Task item
Give every line of the data again, exactly as it is written.

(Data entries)
__________________________________________________
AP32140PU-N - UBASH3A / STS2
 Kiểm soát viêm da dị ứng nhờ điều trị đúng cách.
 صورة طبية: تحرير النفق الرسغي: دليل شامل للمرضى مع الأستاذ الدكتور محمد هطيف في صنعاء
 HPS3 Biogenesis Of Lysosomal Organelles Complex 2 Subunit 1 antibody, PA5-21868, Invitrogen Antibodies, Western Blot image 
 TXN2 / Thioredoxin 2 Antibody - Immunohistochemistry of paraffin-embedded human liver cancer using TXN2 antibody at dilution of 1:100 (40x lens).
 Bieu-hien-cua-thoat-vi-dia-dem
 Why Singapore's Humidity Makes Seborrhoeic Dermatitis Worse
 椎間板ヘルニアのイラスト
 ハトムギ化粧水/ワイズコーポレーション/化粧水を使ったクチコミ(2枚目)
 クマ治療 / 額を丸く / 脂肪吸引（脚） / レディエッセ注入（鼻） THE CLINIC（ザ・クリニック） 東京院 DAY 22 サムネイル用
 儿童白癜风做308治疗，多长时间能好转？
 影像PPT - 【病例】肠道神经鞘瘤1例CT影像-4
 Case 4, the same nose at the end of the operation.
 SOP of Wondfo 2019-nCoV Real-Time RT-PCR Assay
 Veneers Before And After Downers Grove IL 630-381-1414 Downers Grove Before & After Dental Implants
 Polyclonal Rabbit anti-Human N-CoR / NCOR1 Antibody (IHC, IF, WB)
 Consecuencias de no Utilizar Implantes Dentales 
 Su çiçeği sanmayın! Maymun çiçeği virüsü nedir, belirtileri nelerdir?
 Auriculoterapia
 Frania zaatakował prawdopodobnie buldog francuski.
__________________________________________________
The answer
AP32140PU-N - UBASH3A / STS2
 Kiểm soát viêm da dị ứng nhờ điều trị đúng cách.
 صورة طبية: تحرير النفق الرسغي: دليل شامل للمرضى مع الأستاذ الدكتور محمد هطيف في صنعاء
 HPS3 Biogenesis Of Lysosomal Organelles Complex 2 Subunit 1 antibody, PA5-21868, Invitrogen Antibodies, Western Blot image 
 TXN2 / Thioredoxin 2 Antibody - Immunohistochemistry of paraffin-embedded human liver cancer using TXN2 antibody at dilution of 1:100 (40x lens).
 Bieu-hien-cua-thoat-vi-dia-dem
 Why Singapore's Humidity Makes Seborrhoeic Dermatitis Worse
 椎間板ヘルニアのイラスト
 ハトムギ化粧水/ワイズコーポレーション/化粧水を使ったクチコミ(2枚目)
 クマ治療 / 額を丸く / 脂肪吸引（脚） / レディエッセ注入（鼻） THE CLINIC（ザ・クリニック） 東京院 DAY 22 サムネイル用
 儿童白癜风做308治疗，多长时间能好转？
 影像PPT - 【病例】肠道神经鞘瘤1例CT影像-4
 Case 4, the same nose at the end of the operation.
 SOP of Wondfo 2019-nCoV Real-Time RT-PCR Assay
 Veneers Before And After Downers Grove IL 630-381-1414 Downers Grove Before & After Dental Implants
 Polyclonal Rabbit anti-Human N-CoR / NCOR1 Antibody (IHC, IF, WB)
 Consecuencias de no Utilizar Implantes Dentales 
 Su çiçeği sanmayın! Maymun çiçeği virüsü nedir, belirtileri nelerdir?
 Auriculoterapia
 Frania zaatakował prawdopodobnie buldog francuski.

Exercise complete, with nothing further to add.